As I’ve said here many times, perception is reality. So when a customer service representative justifies a problem you’re having by saying that something is “functioning as intended”, there’s a good chance there will be a disconnect between what that customer service rep is saying and what you hear.
This has been rattling around in my head forever; customer service is one of the most important tenets of great business process. And it popped into my head a few weeks ago when some new problems people were having with Apple’s iTunes software started getting thrown around.”The Software Is Functioning As Intended“? SERIOUSLY? It Just Ate All My Music!
Turns out this kind of disconnect happens all the time, but unless your customer sees what he needs to see, there will be problems. Is the vehicle you see in the picture above a truck? A car? A Transformer? Ultimately it’s the customer who decides … except for that skewed reality where most states DMVs would call it a car and then call it a day.

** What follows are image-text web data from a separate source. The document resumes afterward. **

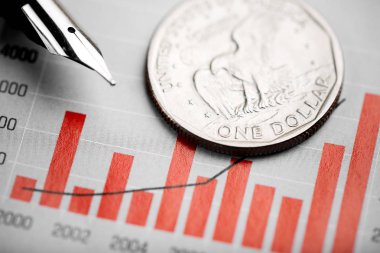 dalgalanan grafik üzerinde Amerikan madeni para 
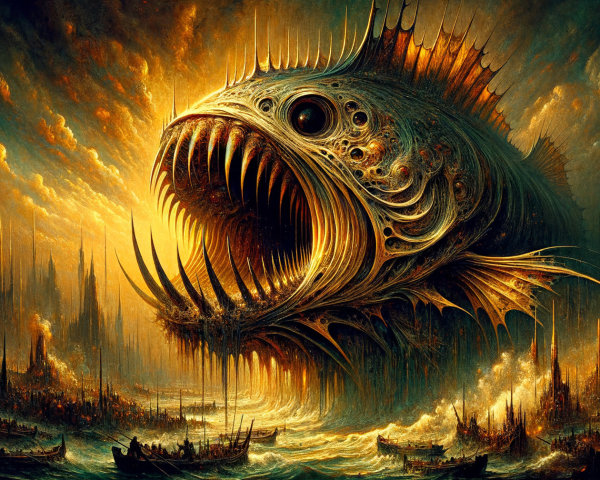 Colossal Bioluminescent Fish in Turbulent Waters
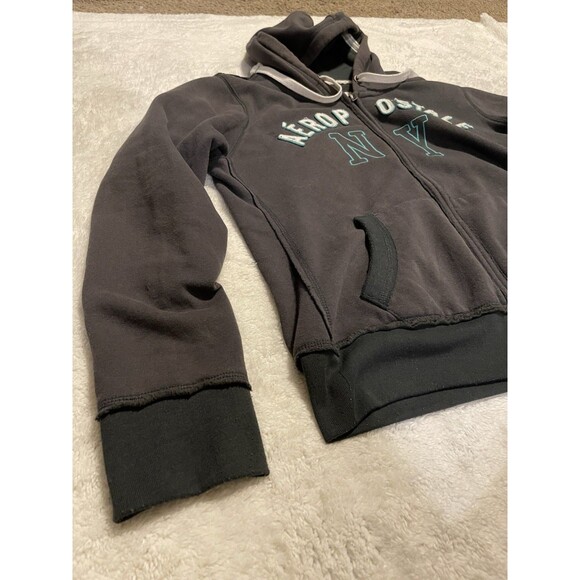 Aeropostale Y2K Womens Hoodie Sweatshirt Grunge Full Zip NY Fleece Gray XL - Picture 8 of 12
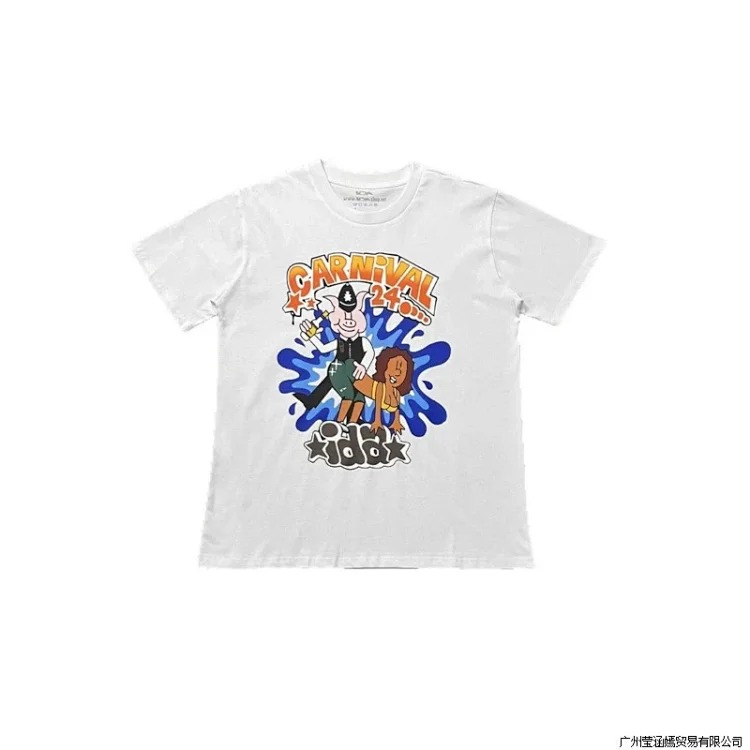 Letters classic printed casual short-sleeved tops for men and women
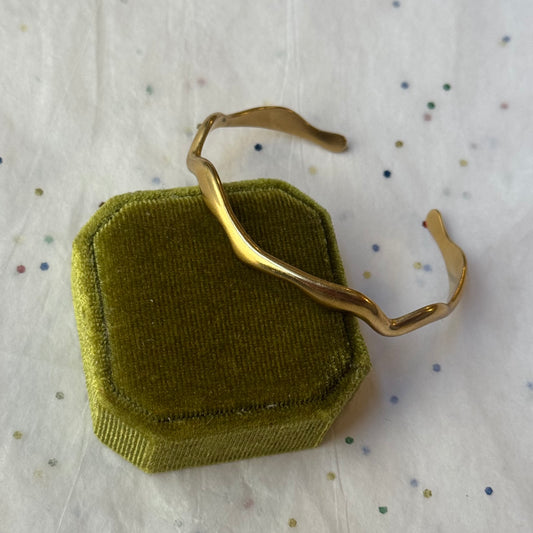 Gold Wavy Cuff Bracelet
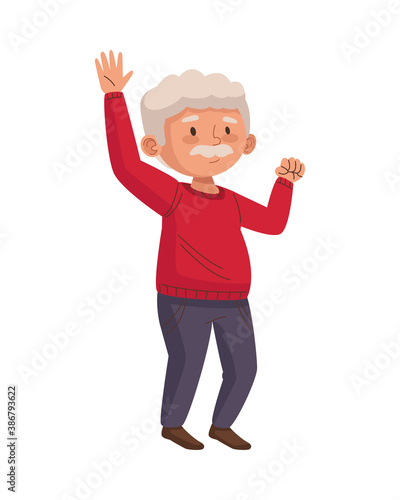 old man eldery dancing character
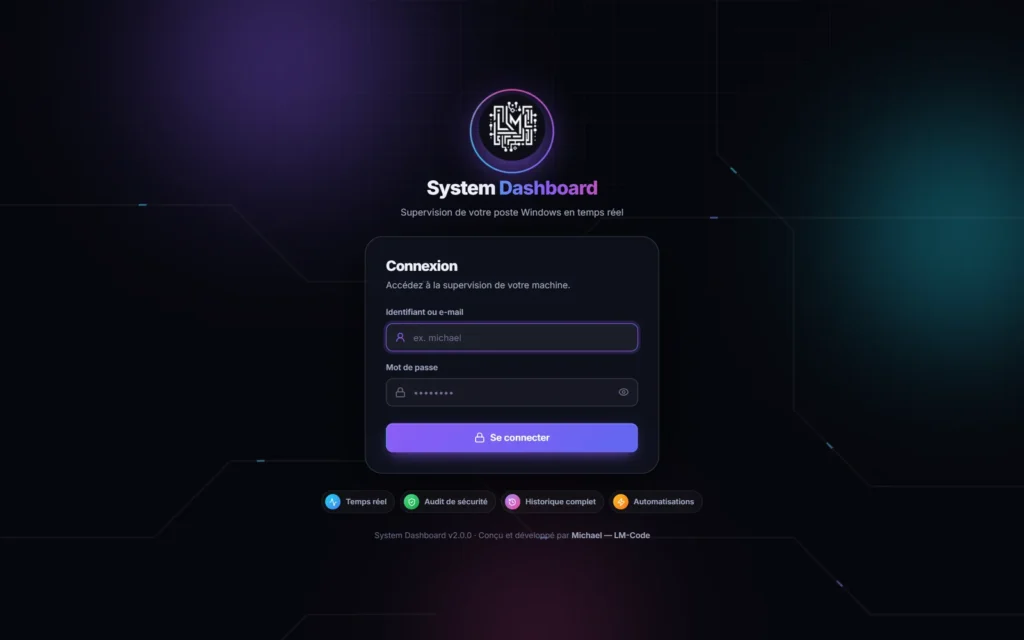 Page de connexion sécurisée du moniteur système Windows System Dashboard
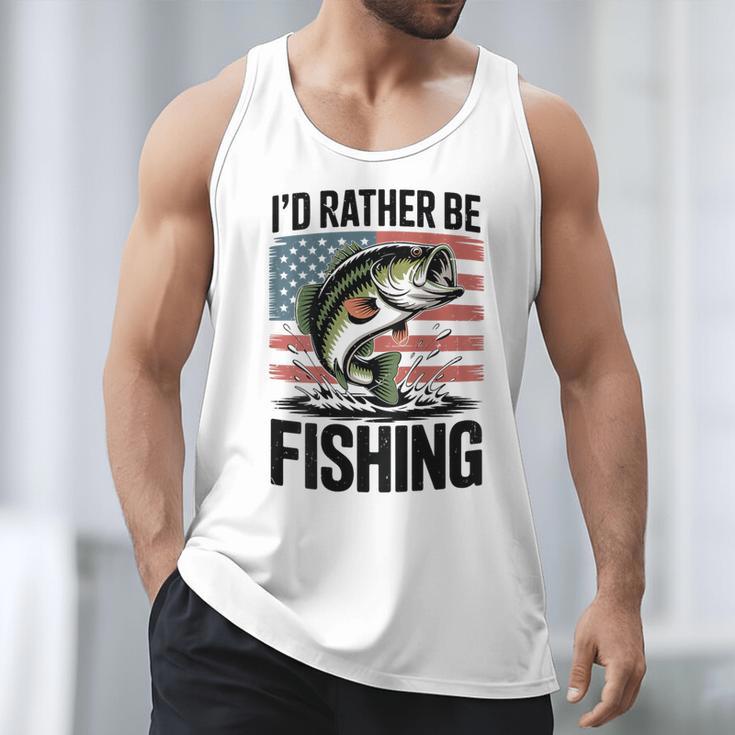 I'd Rather Be Fishing Bass Fish Dad Joke American Flag Men Tank Top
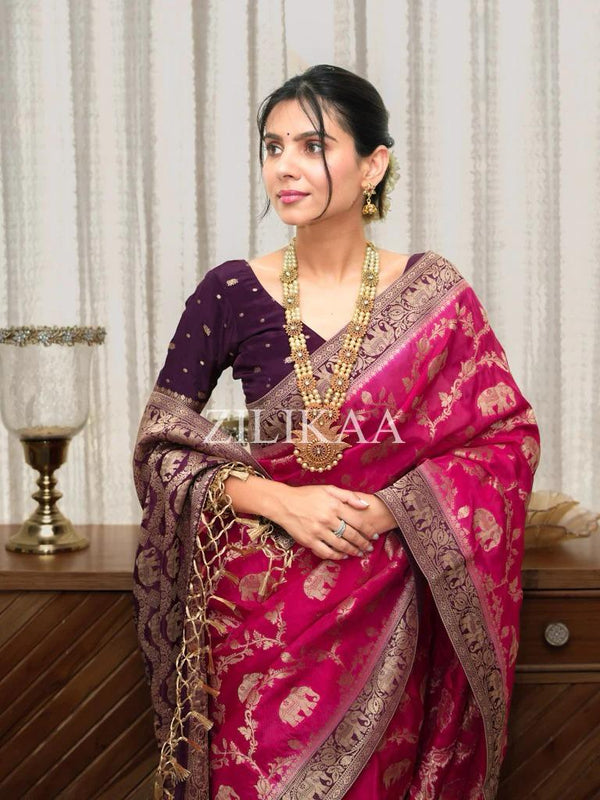 Magenta Pink Banarasi Silk Saree | Festival & Ceremony Wear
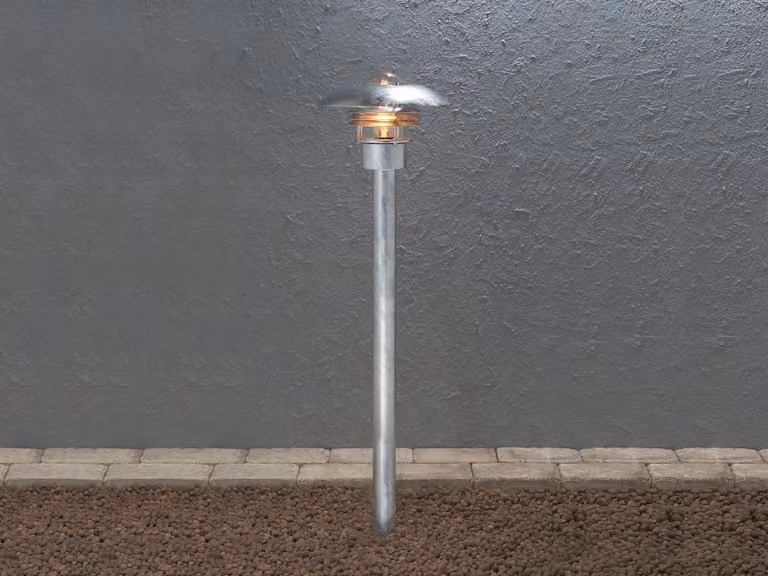 Stalowa lampa drogowa LED do oświetlenia ścieżek i ogrodu, 98 cm, srebrna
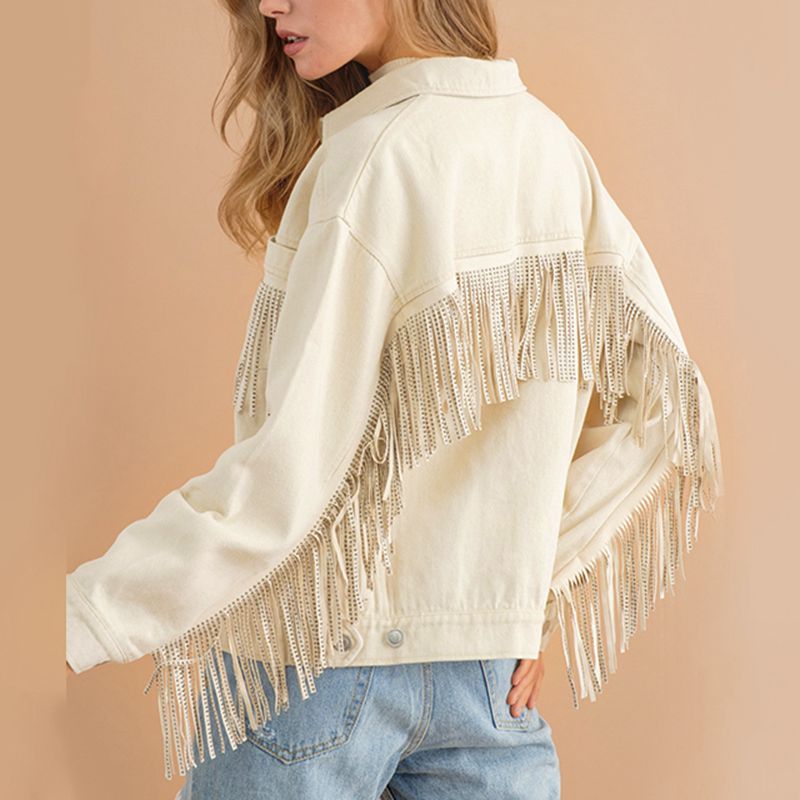 Fringe Detail Dropped Shoulder Denim Jacket BLUE ZONE PLANET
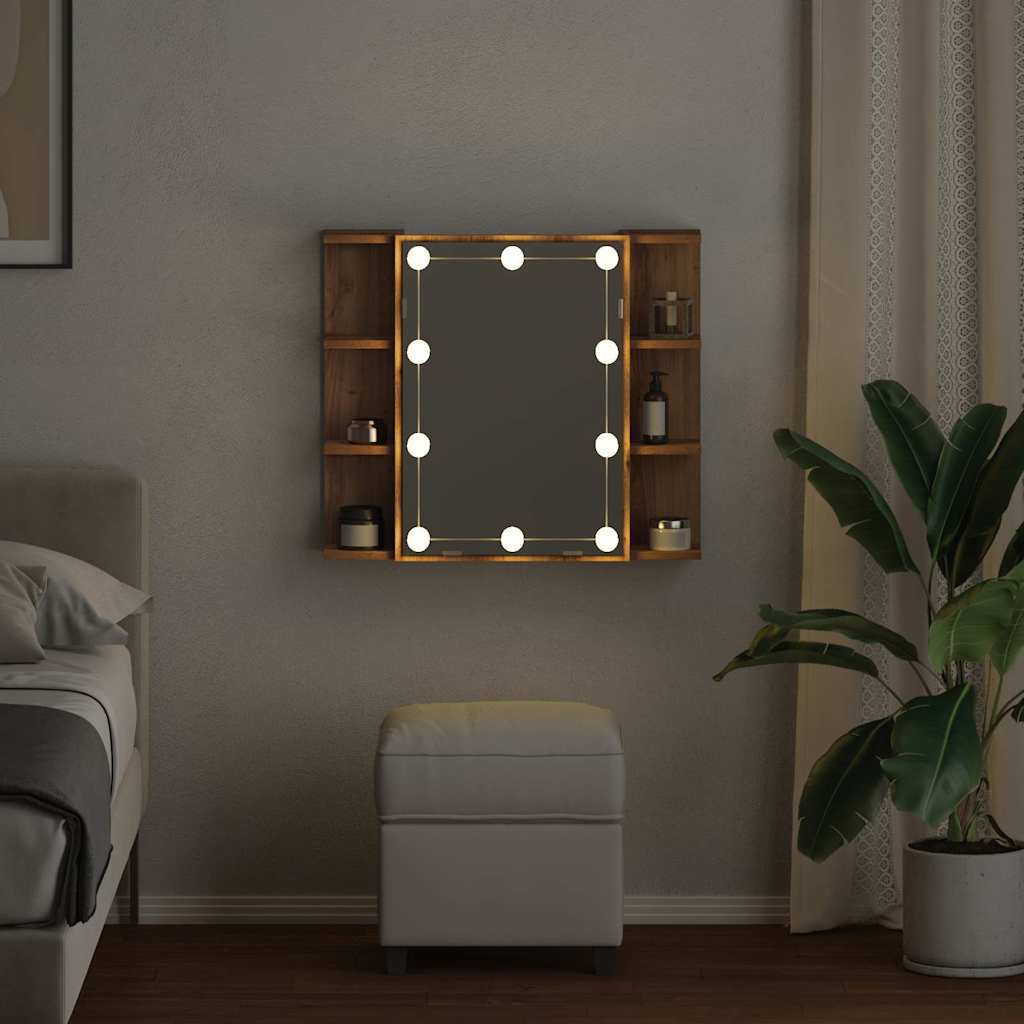 Badrumsspegel Spegelskåp LED Artisan Ek 70x16,5x60 cm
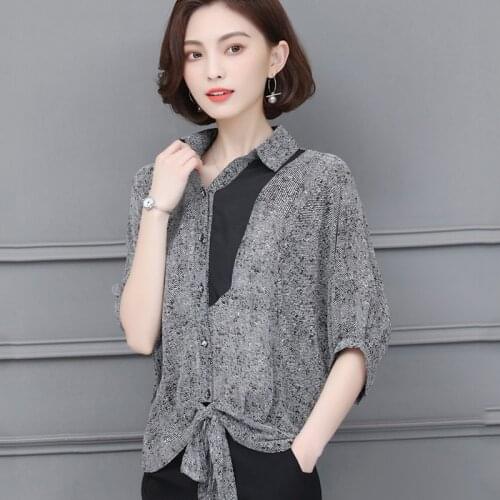 2018 Summer Fashion Women Loose Patchwork Batwing Sleeve Chiffon Blouse , Female Casual Shirt , 3XL 4xl Bow Blouses For Woman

If you aren’t a government agency, though, your customers’ perception of reality needs to matter a bit more. ‘Functioning as intended’ simply isn’t good enough.
Functioning as Intended
The very idea of functioning as intended is either an engineering construct, or a string of words meant to deflect responsibility. Years ago, before WiFi was ubiquitous, I told you about a problem at Panera Bread; Panera was early adopter of the give-away-WiFi-to-encourage-customer-loyalty strategy. Problem is, even if giving away WiFi was a genuinely altruistic gesture, claiming they were making customers’ lives easier but not seeing to it that they actually were rendered the program worse than if there had been none. Panera’s Free WiFi was not functioning as intended.
Or imagine being in the final stages of labor and being told that you couldn’t push because your doctor hadn’t arrived. What would that mean, that your uterus wasn’t functioning as intended because a third party’s presence was required in order for it to do so? Wrong. Perhaps less-than-optimal, but wrong, nevertheless.
There comes a point where the way you communicate matters—and in business, that point is “always”. Fail to understand that and you might as well as Where’s The ANY Key?